A jam-packed month of activities in store for Programming Club

By Aarya Gupta

Programming members focus intently on completing their projects.
Programming members focus intently on completing their projects.

To start the school year, Programming Club had a myriad number of events in October.

The club has hosted four workshops revolving around extensive programming concepts,  where members were able to learn about five important aspects of web design: HTML/CSS, Bootstrap, JavaScript, jQuery and PHP, according to its website.  

“Our workshops are formatted to be very beginner friendly. Some of our programmers are more advanced so they prefer to have challenge problems or things that cater to the fact that they already knew some programming,” secretary and treasurer senior Soham Pardeshi said.  

Each meeting has varying concepts and prompts that members can tackle through coding and collaborating with fellow peers.

“We are trying to teach them things that they wouldn’t actually learn in their AP class,” competitions director Vignesh Suresh said. “It’s like cool things that extend their programming knowledge rather than conventional things.”

Other workshops Programming Club hosted revolved around chrome extensions, which were applied using a program.
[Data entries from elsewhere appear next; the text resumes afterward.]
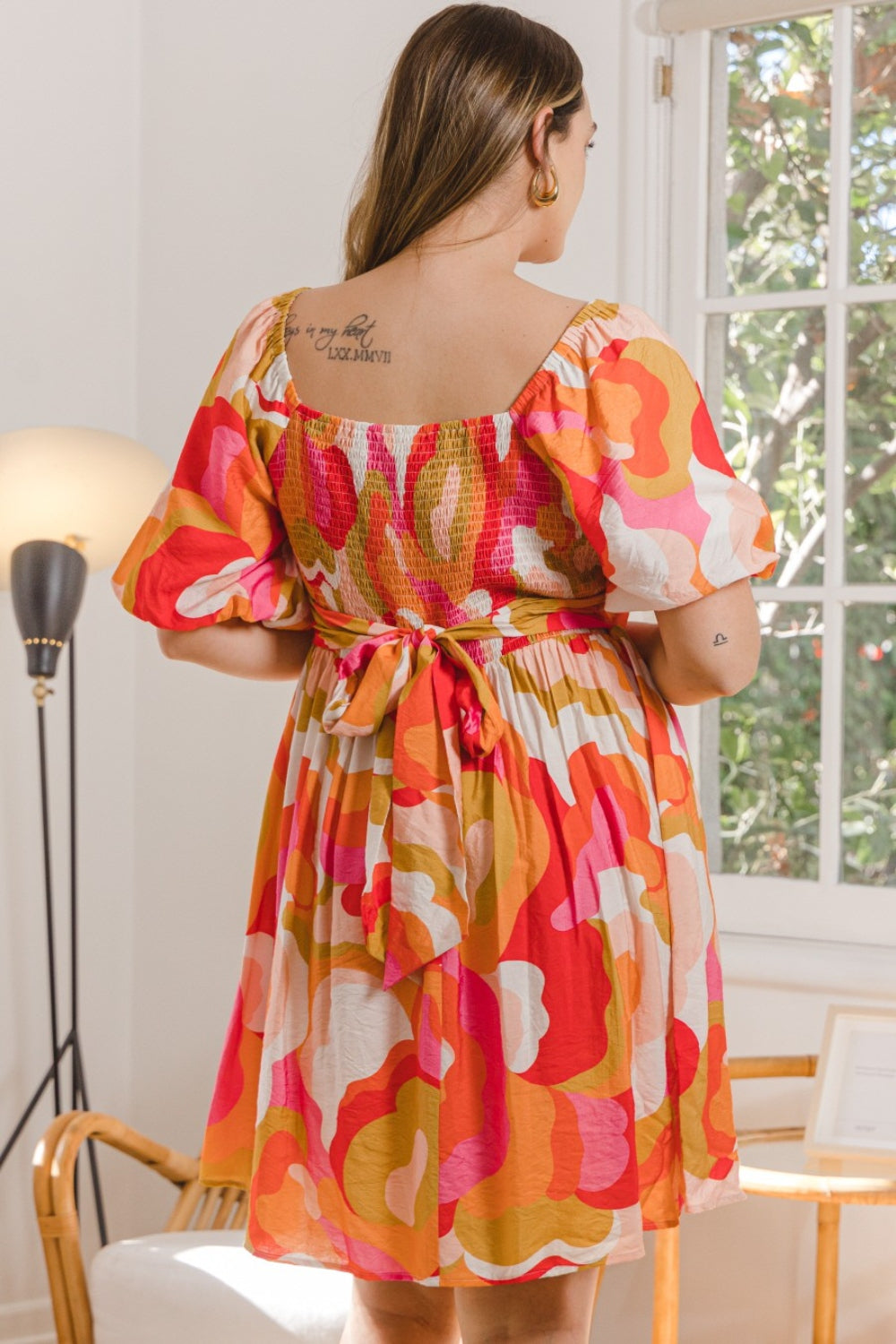 ODDI Full Size Printed Tied Back Short Sleeve Mini Dress | us.meeeshop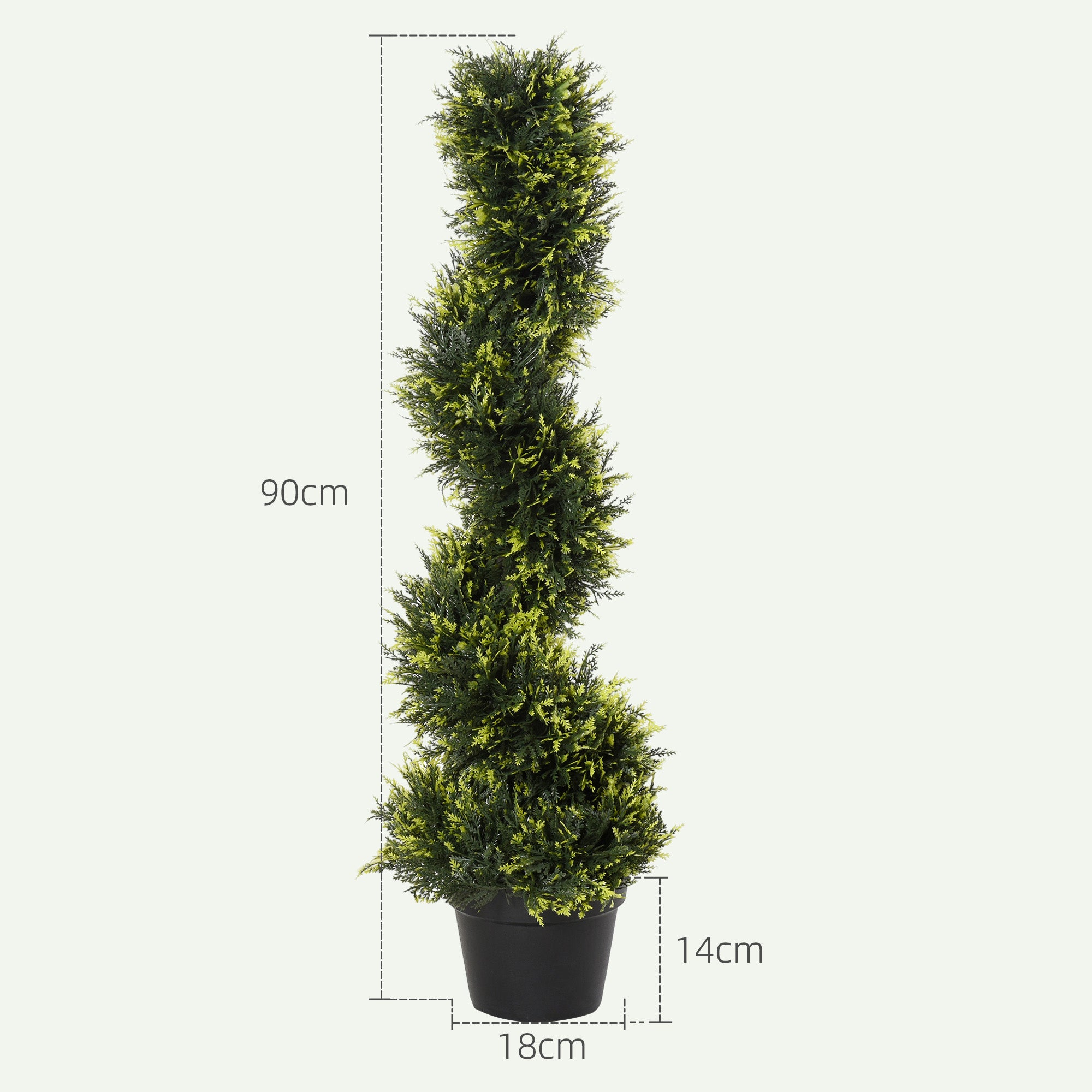 Artificial Cedar Trees Set of 2, Large 90cm Spiral Plant for Decoration, Plastic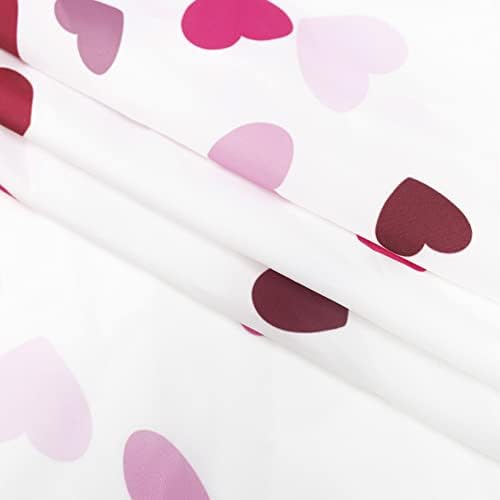 LB Romantic Hearts Shower Curtain Set 72x72 Waterproof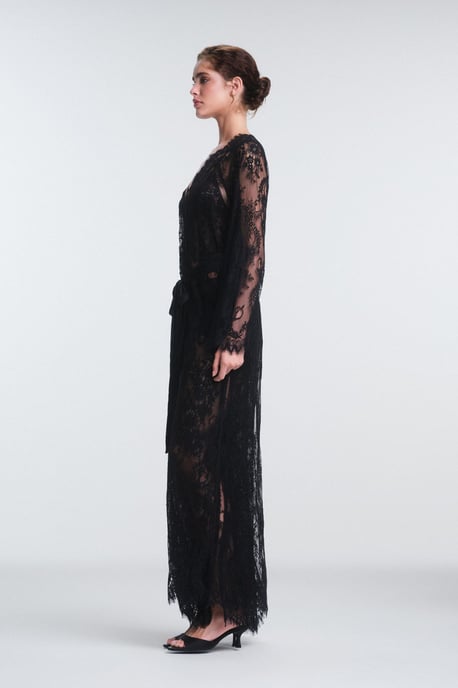 Geborduurde Maxi Robe Met Striksluiting - Image 2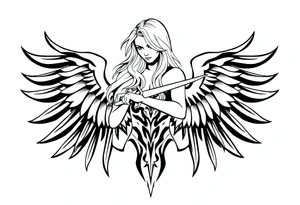femme blonde cheveux long ondulé, un genou au sol  en armure de chevalier tenant épée vers le bas et de grandes ailes d'anges déployées tattoo idea
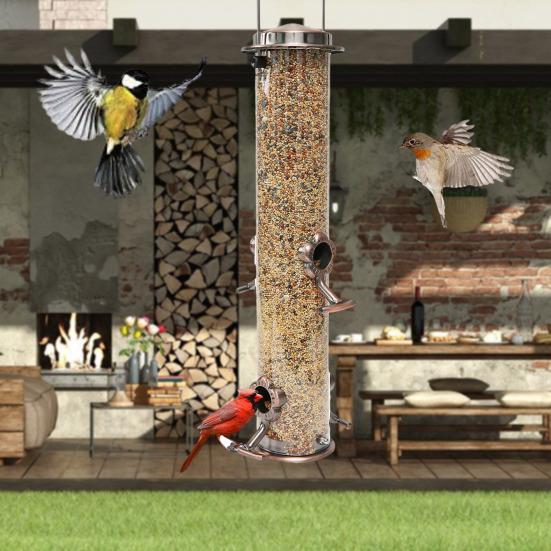 Hrănitor pentru păsări din metal, suspendat în aer liber, patru porturi, capacitate mare, vizibil clar, rezistent la intemperii, dispozitiv de hrănire pentru păsări de grădină, rezistent la apă
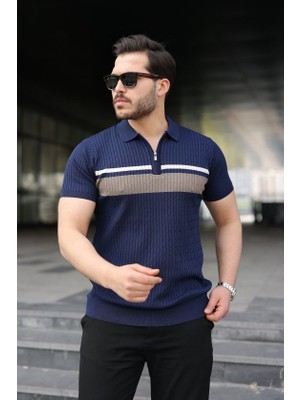 Gökyüzü Moda Erkek Örgü Desenli Renkli Kısa Kollu Triko Tişört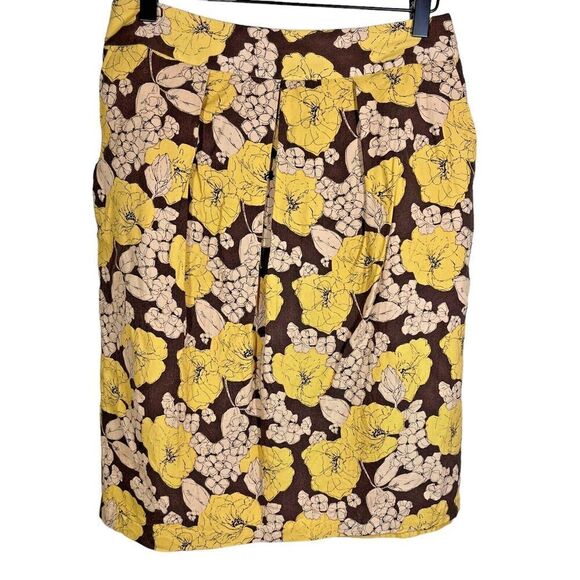 Boden Dresses & Skirts - Boden Floral Pencil Skirt Size US 6 UK 10R Yellow Brown Pockets Lined Pleated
“The goal of the workshop is to make the best chrome extension to prank your friends whether that means changing all the colors on a website, or making all the fonts invisible,” Pardeshi said.  

Aside from workshops, Programming Club visited the Facebook campus in Menlo Park on Oct. 17, where members got to experience the environment of an engineer.

“We got to see what it was like working at a tech company and we got to talk to a lot of engineers and designers at Facebook,” events director junior Varun Tandon said.

The officer team hopes to schedule business tours and create more workshops.

“We are planning to do a Yelp tour and hopefully an Apple tour,” Tandon said.

Programming Club has benefited numerous students including sophomore Zhi-Ying Chua.

“For people that don’t take Java or a programming class at school, it can be cool to get a hold of [programming] material,” Chua said. “The club has helped me make that connection.”